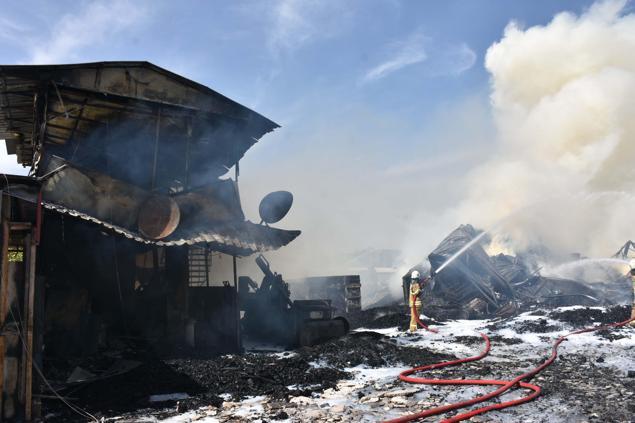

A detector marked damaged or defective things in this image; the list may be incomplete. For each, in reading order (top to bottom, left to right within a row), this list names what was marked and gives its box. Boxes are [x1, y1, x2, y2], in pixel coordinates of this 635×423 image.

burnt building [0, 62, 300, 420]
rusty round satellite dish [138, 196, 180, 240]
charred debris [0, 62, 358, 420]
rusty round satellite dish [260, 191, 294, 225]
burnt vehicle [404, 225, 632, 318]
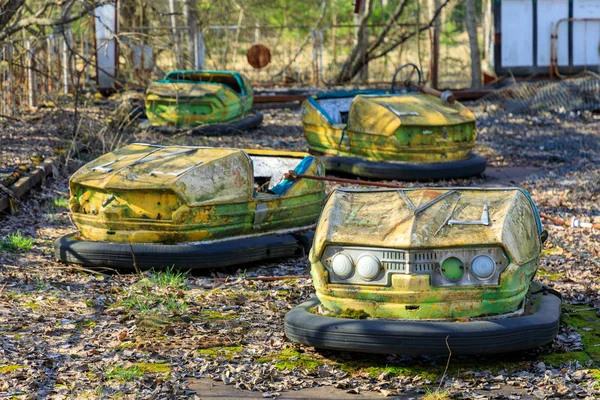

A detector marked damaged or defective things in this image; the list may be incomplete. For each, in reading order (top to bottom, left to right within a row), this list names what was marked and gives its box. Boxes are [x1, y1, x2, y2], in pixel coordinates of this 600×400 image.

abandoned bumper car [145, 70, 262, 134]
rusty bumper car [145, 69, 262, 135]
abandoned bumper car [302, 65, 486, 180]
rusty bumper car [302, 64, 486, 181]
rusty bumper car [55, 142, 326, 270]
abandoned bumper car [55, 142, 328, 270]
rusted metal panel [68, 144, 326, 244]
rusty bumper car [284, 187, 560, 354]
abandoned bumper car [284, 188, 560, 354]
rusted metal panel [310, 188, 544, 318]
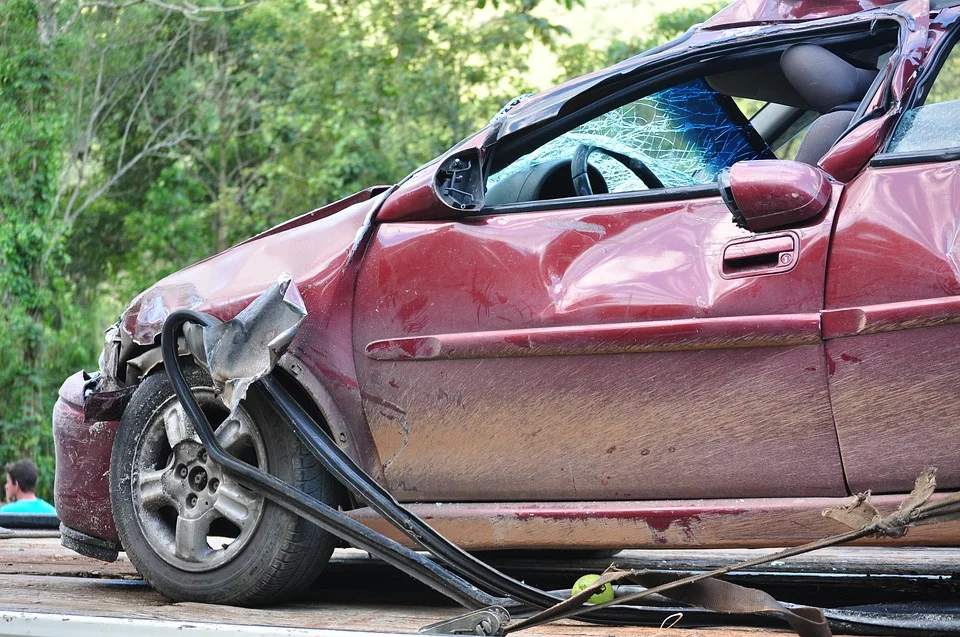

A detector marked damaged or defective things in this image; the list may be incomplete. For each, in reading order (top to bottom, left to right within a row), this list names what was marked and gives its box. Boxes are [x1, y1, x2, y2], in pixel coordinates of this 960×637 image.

★ ★ ★ ★ ★ ★ ★

- [Problem to solve]
Your response should reproduce the entire listing verbatim, minus the pictures.

- [Output of the task]
A detector marked damaged or defective things in this image; the list may be incomplete. For each, in reading order (top to bottom, left to right within a row), this list names what was marked and gives its box. Boxes are [x1, y1, x2, y2], in pixel coordinates of this 635×423 image.

burnt building [0, 62, 300, 420]
rusty round satellite dish [138, 196, 180, 240]
charred debris [0, 62, 358, 420]
rusty round satellite dish [260, 191, 294, 225]
burnt vehicle [404, 225, 632, 318]

A detector marked damaged or defective things in this image; the list may be incomplete. For each, in reading order (top to bottom, left to right within a row), this list names what was marked and gives its box. Boxes are [x1, y1, x2, y2], in pixel coordinates of this 600×400 image.

abandoned bumper car [145, 70, 262, 134]
rusty bumper car [145, 69, 262, 135]
abandoned bumper car [302, 65, 486, 180]
rusty bumper car [302, 64, 486, 181]
rusty bumper car [55, 142, 326, 270]
abandoned bumper car [55, 142, 328, 270]
rusted metal panel [68, 144, 326, 244]
rusty bumper car [284, 187, 560, 354]
abandoned bumper car [284, 188, 560, 354]
rusted metal panel [310, 188, 544, 318]

A detector marked damaged or defective things in this image; the list may be incomplete. For each, in reading order (top to bottom, left to right within a row), this list names what was marked and gives its box. Boxes are [x1, y1, x2, y2], in pixel coordinates of this 960×637 image.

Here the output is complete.